> _Exercise description_: Return the records exactly as they stand, and keep the pictures out of the copy.

> _Supplied entries_:
:::::
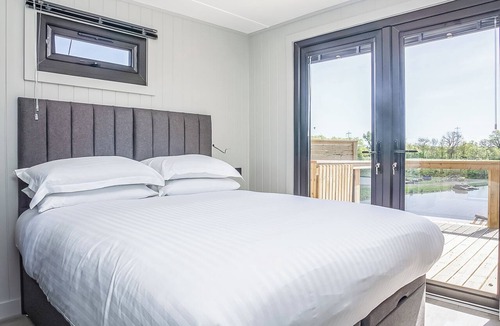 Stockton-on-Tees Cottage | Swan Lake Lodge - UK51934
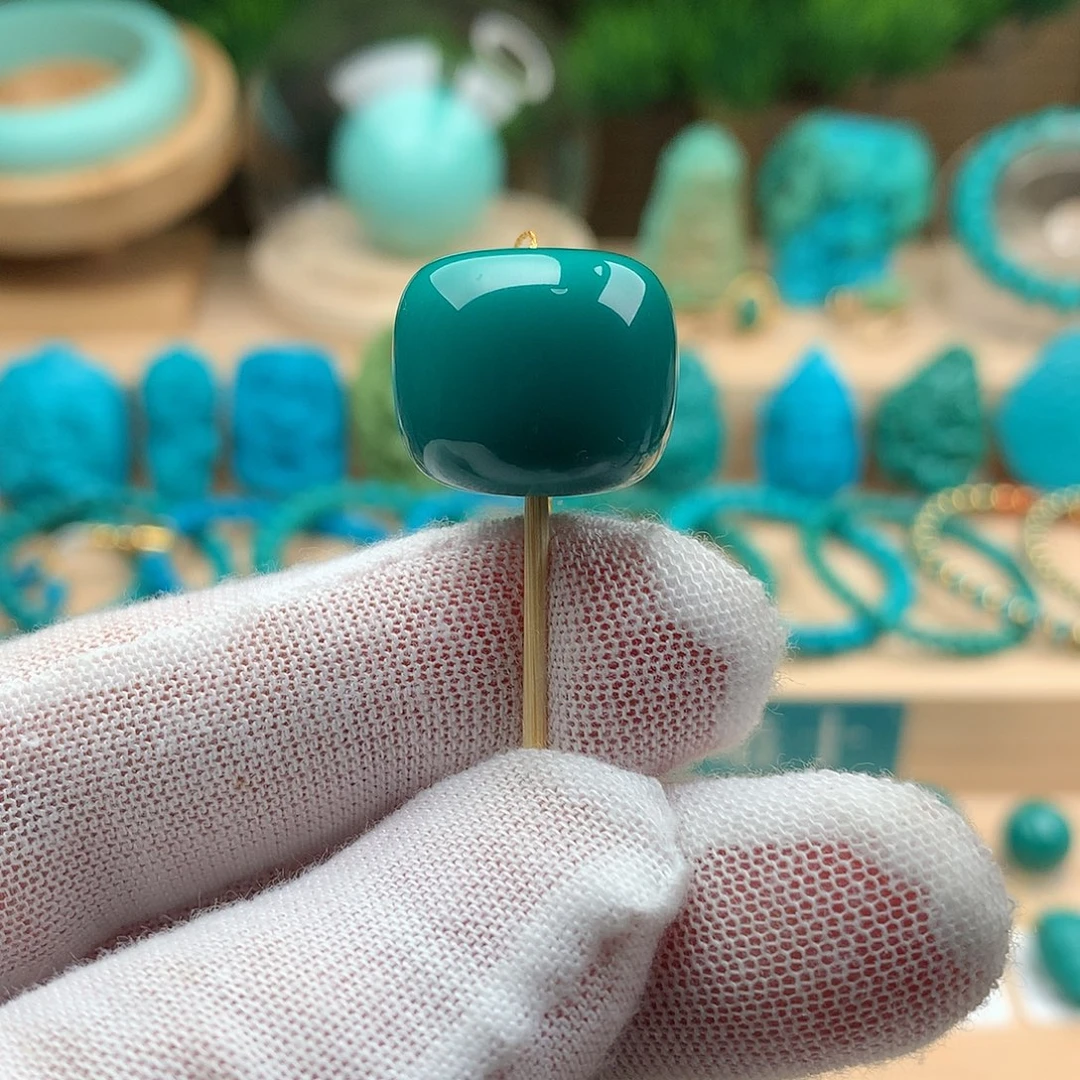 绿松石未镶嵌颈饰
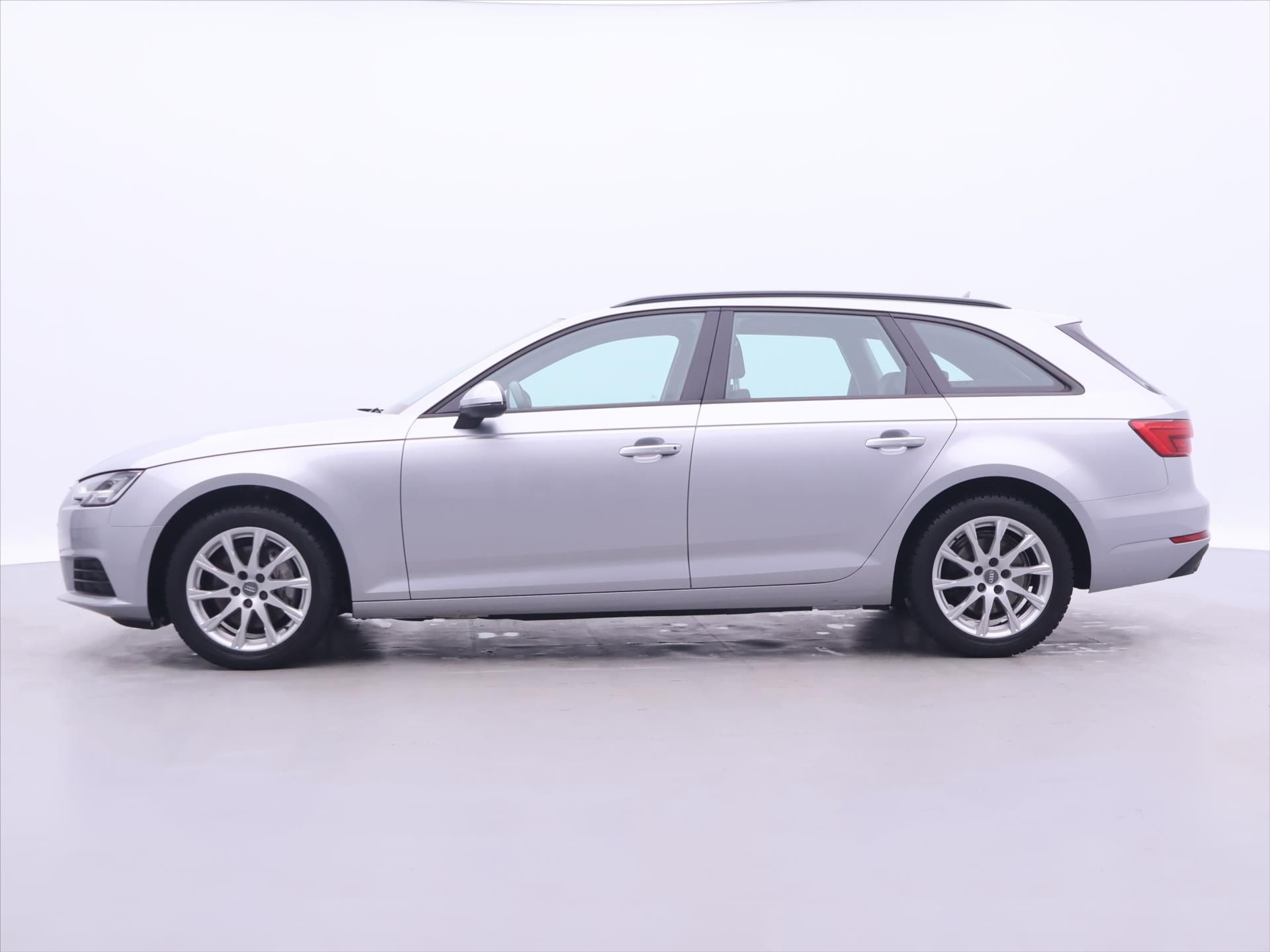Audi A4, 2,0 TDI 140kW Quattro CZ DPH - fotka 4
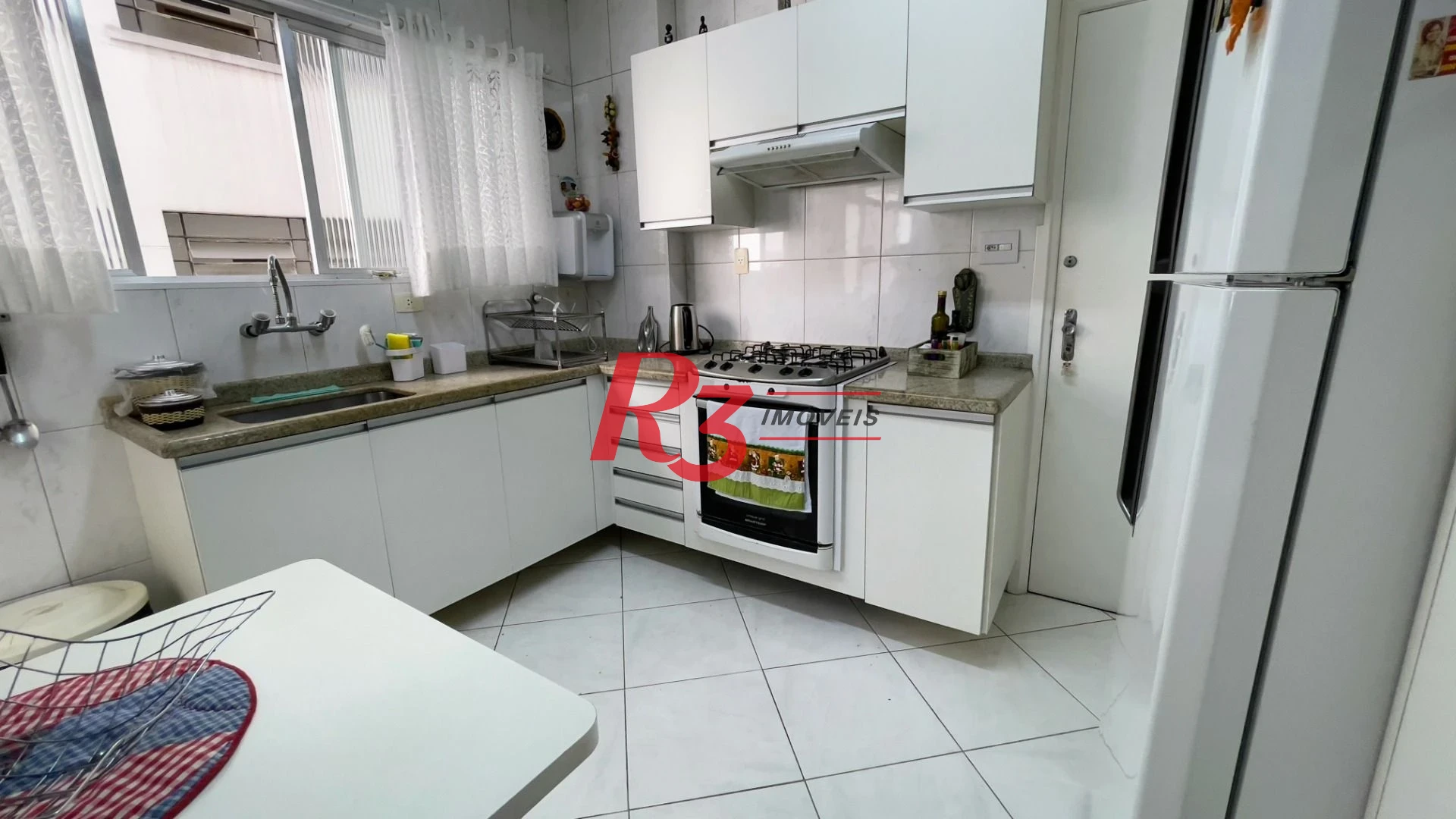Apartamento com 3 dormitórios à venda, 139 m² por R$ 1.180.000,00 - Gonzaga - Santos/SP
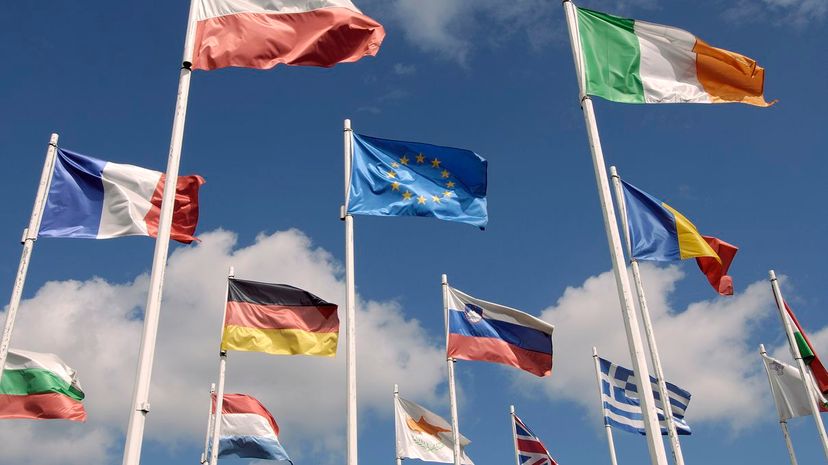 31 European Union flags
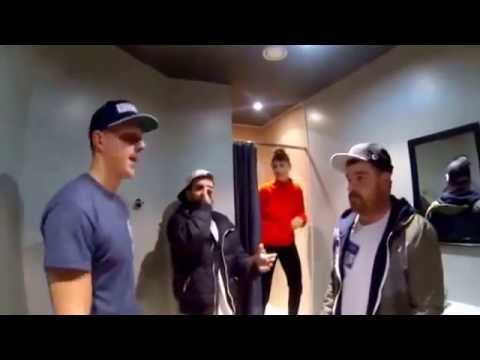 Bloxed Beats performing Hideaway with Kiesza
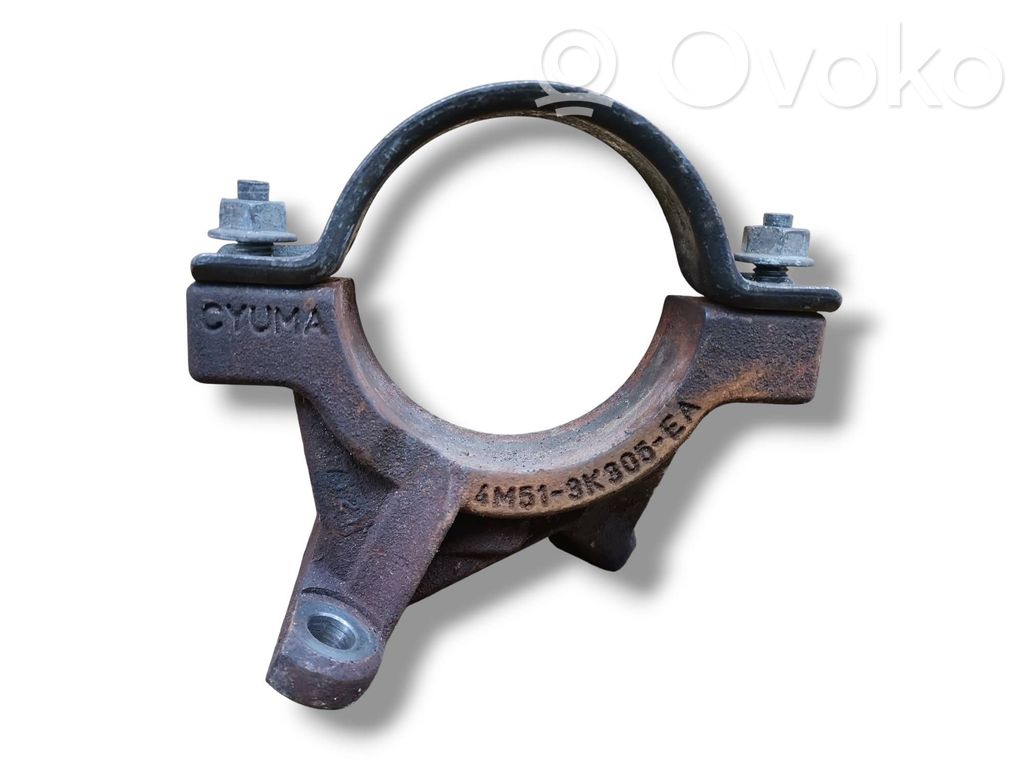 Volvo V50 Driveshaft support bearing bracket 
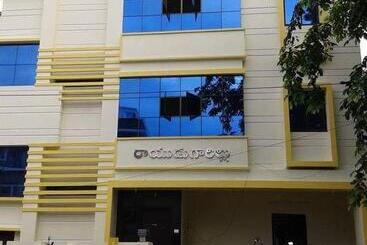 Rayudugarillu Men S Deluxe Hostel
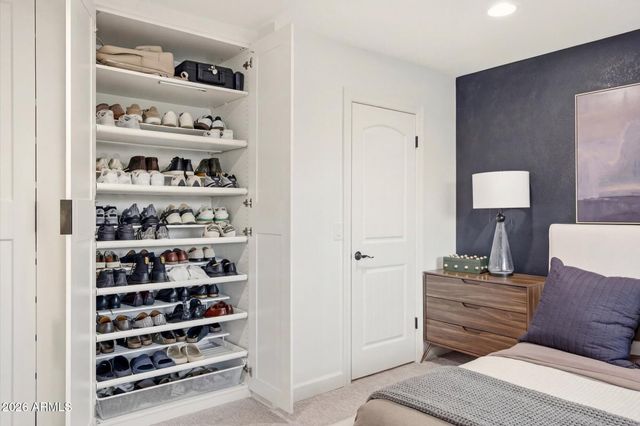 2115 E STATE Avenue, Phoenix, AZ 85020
:::::
> _Solution_:
 Stockton-on-Tees Cottage | Swan Lake Lodge - UK51934
 绿松石未镶嵌颈饰
Audi A4, 2,0 TDI 140kW Quattro CZ DPH - fotka 4
Apartamento com 3 dormitórios à venda, 139 m² por R$ 1.180.000,00 - Gonzaga - Santos/SP
 31 European Union flags
 Bloxed Beats performing Hideaway with Kiesza
 Volvo V50 Driveshaft support bearing bracket 
 Rayudugarillu Men S Deluxe Hostel
 2115 E STATE Avenue, Phoenix, AZ 85020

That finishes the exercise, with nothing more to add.